##### Input records #####

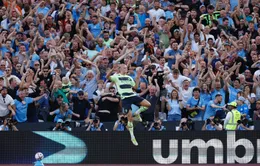 Vòng 1 Ngoại hạng Anh: Man City có niềm vui chiến thắng, Man Utd thất bại đầu tiên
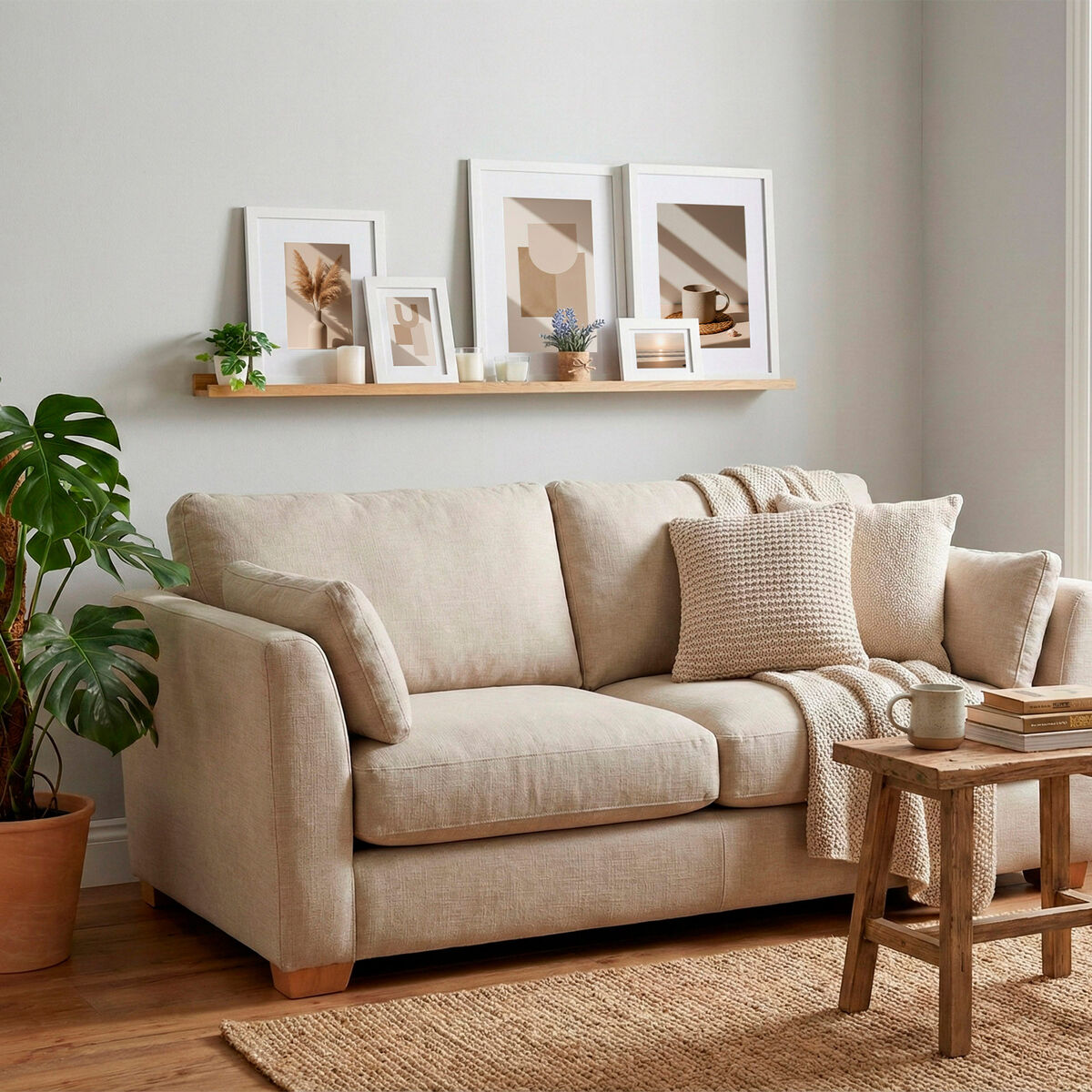 Coat rack Max Home MDF Wood (4 Units)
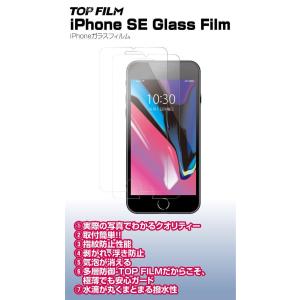 iPhoneSE 第一,二世代対応 保護フィルム ２枚セット 4.7inch ガラスフィルム 指紋防止 反射防止 高機能 高強度 #717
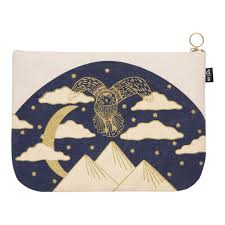 Danica | Large Zippered Pouch
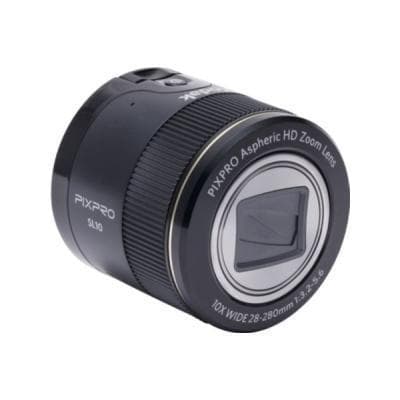 PixPro SL10 Appareil Photo Compact - Noir + Objectif Zoom HD Asphérique Kodak PixPro 28-280 mm f/3.2-5.6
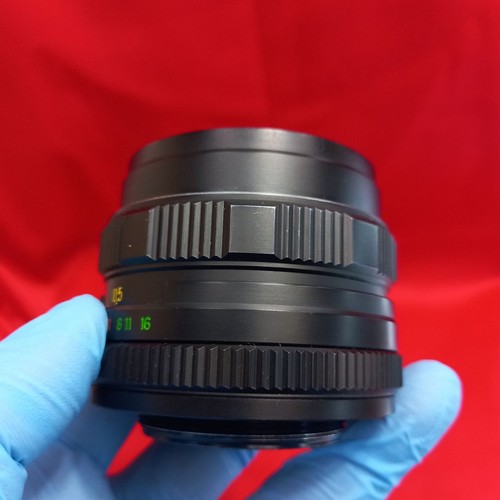 MC Helios 44m-6 58mm f/2 Iris Lens M42 Mount #9252304 + Front Cap - Picture 10 of 22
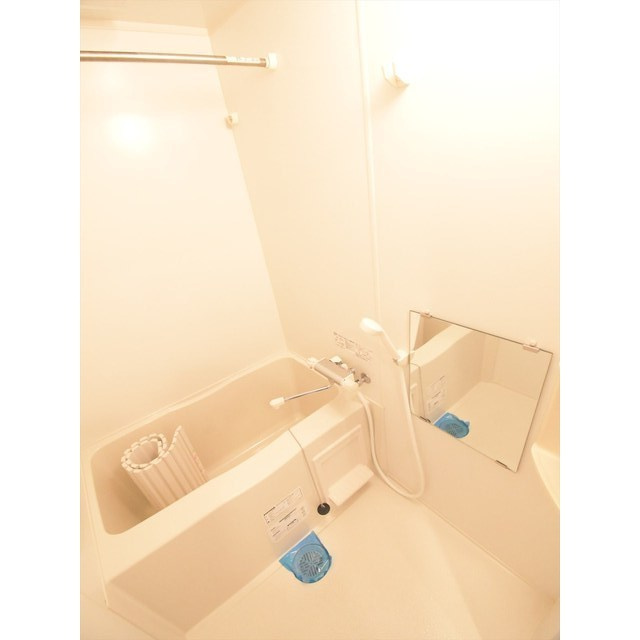 ルクレ森下レジデンスの浴室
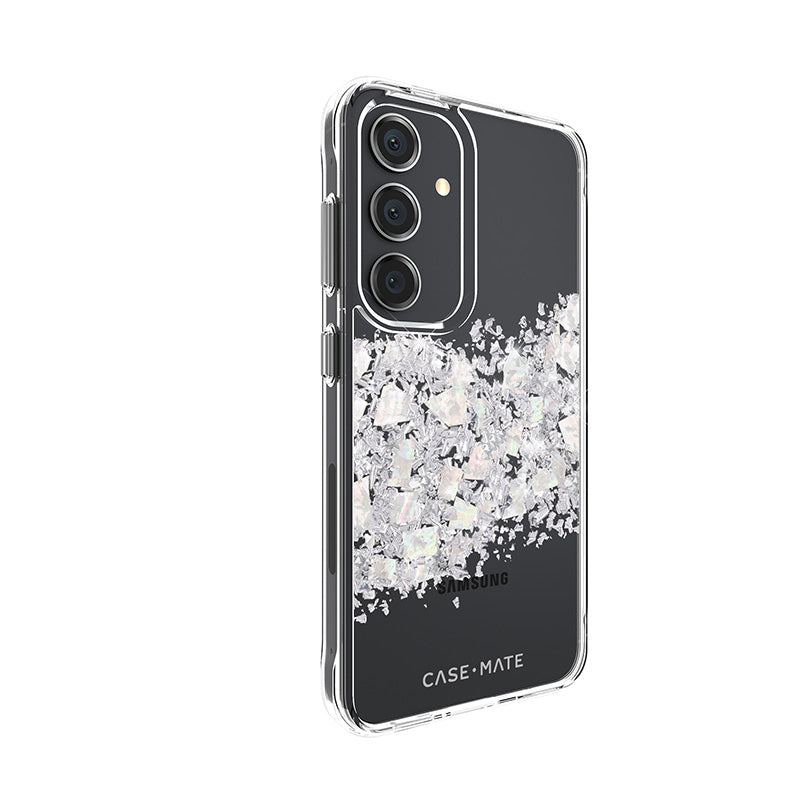 Case-Mate Karat - case for Samsung Galaxy S24 adorned with mother-of-pearl (A Touch of Pearl) (2)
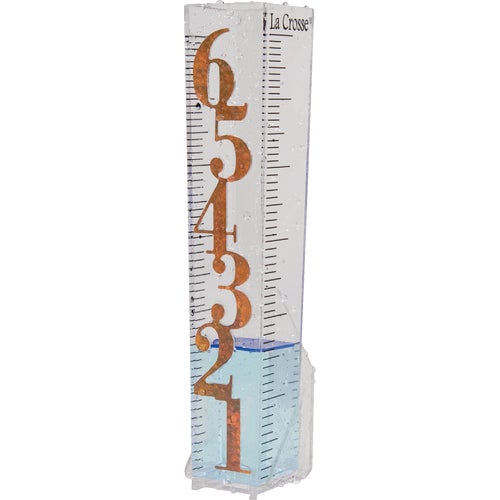 705-110 La Crosse Technology Rain Gauge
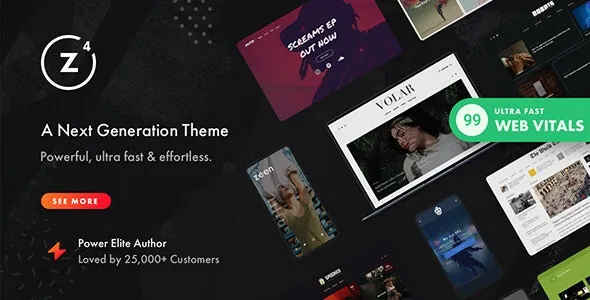 Zeen | Newspaper Magazine News Blog WordPress Theme + WooCommerce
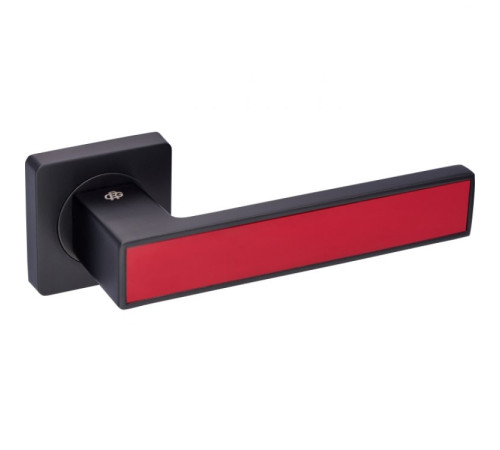 Ручки на розетах Gavroche MAGNIUM Mg - A1 BLACK/RED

#####

What is needed is an exact copy of the lines above, from the one holding "MC Helios 44m-6" down to the one holding "Zeen | Newspaper", with those two included and the pictures left out.

 MC Helios 44m-6 58mm f/2 Iris Lens M42 Mount #9252304 + Front Cap - Picture 10 of 22
 ルクレ森下レジデンスの浴室
 Case-Mate Karat - case for Samsung Galaxy S24 adorned with mother-of-pearl (A Touch of Pearl) (2)
 705-110 La Crosse Technology Rain Gauge
 Zeen | Newspaper Magazine News Blog WordPress Theme + WooCommerce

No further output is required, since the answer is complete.